Tuesday 16 June 2009

concerning an article on psychoanalysis and empathy

There is something about Nietzsche, which I now interpret as an actual flaw in his thinking -- his view of the general human character is of one who is normatively immature. Apparently, Shopenhauer has the more mature image of the human being, whether or not you agree with his perspectives.

I think it is dangerous to pretty much assume that humans are as immature as Nietzsche makes them.

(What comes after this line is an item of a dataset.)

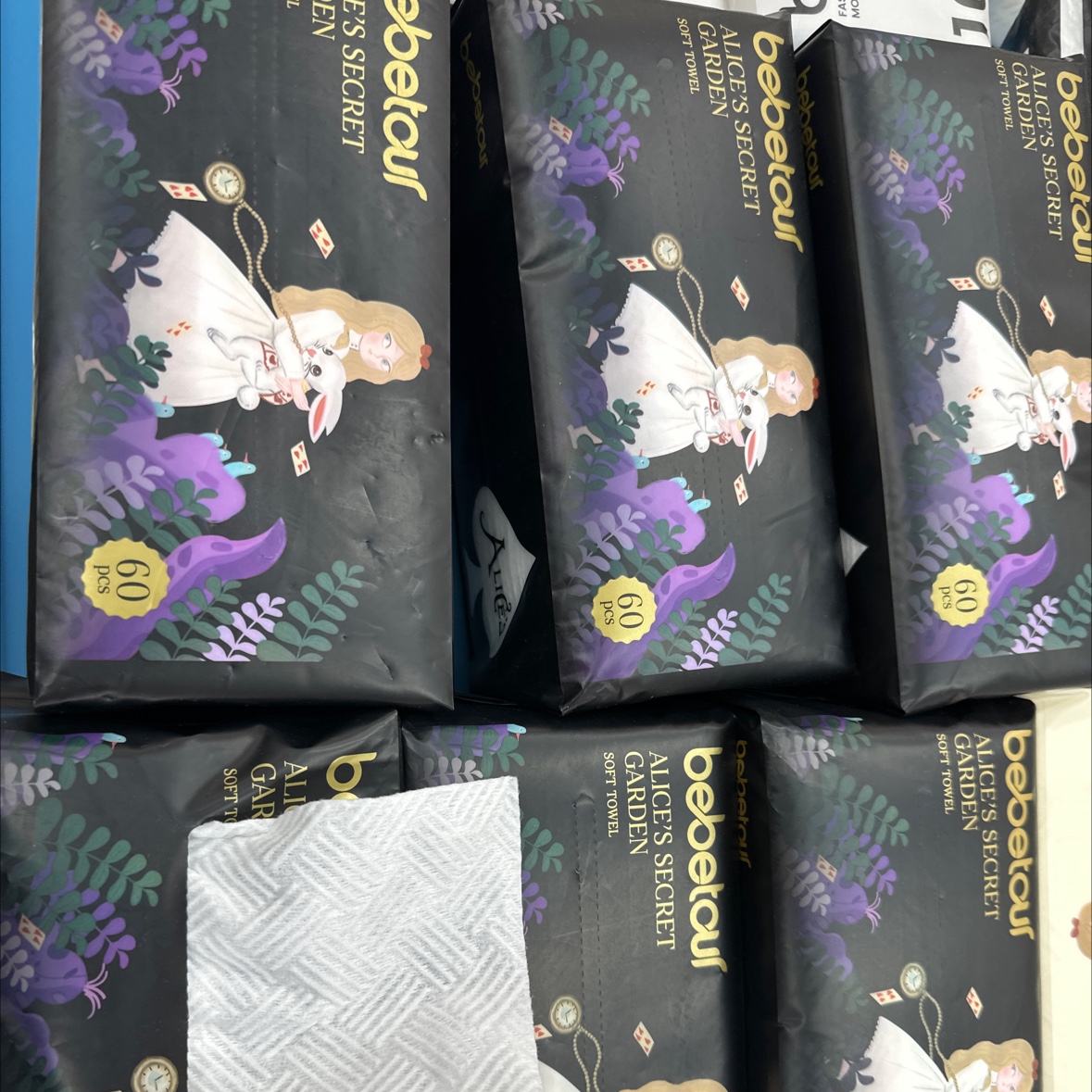 BebeTour洗脸巾带盖擦脸升级加厚润肤一次性洗脸巾洗脸巾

Ultimately (and paradoxically?) this diminishes empathy as a rational-calculating device [as per the computational paradigm given as an example in the article]. Such an assumption is more likely to cause one to regress psychologically, due to the isolating nature of one's attitudes.

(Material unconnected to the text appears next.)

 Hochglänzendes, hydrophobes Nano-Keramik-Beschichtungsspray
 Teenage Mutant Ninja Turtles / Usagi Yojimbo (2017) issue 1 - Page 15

See: Sarah Richmond, "Being in Others: Empathy From a Psychoanalytical Perspective"

3 comments:

Seeing Eye Chick said...

That is a problem I have encountered when contemplating my perspectives on individuals vs Culture.

When I make that mistake, it sucks all hope right out of me, that people {me or anyone} can overcome these issues at all, whatever they might be.

So while my observations might be mostly correct when dealing with individuals, its odd when they can successfully corrolate to a larger population without invoking this hopeless imagry.

profacero said...

Good points, although I haven't read the piece.

I have this idea that to assume that level of immaturity tends to produce it -- because it is what you call forth, and what you see.

It is worth realizing that level of immaturity may actually exist (I tend to err by not understanding this), but to expect it limits everyone.

This is without reading the article, of course.

Jennifer F. Armstrong said...

It's one of the psychological errors that leads to the downfall of Nietzsche's "higher man" -- that you tend to attribute higher motives to people whose characters are never really all that developed.

However, I think that the obvious alternative to this -- of reading lower motives into people, from the offset -- is not necessarily the corrective it might at first be deemed to be. What happens then is that instead of projecting your good into them, you end up projecting your evil into them instead. Actually this proactively defensive position puts you in much more psychological jeopardy than you would be in simply by being on your guard about being wrong about a person. You have decided that most other people are almost certainly definitively evil. And projecting your evil capacities into people, through the mediation of your imagination, will tend to put you into a paranoid-schizoid position. Far better just to be alert to the diversity within human nature.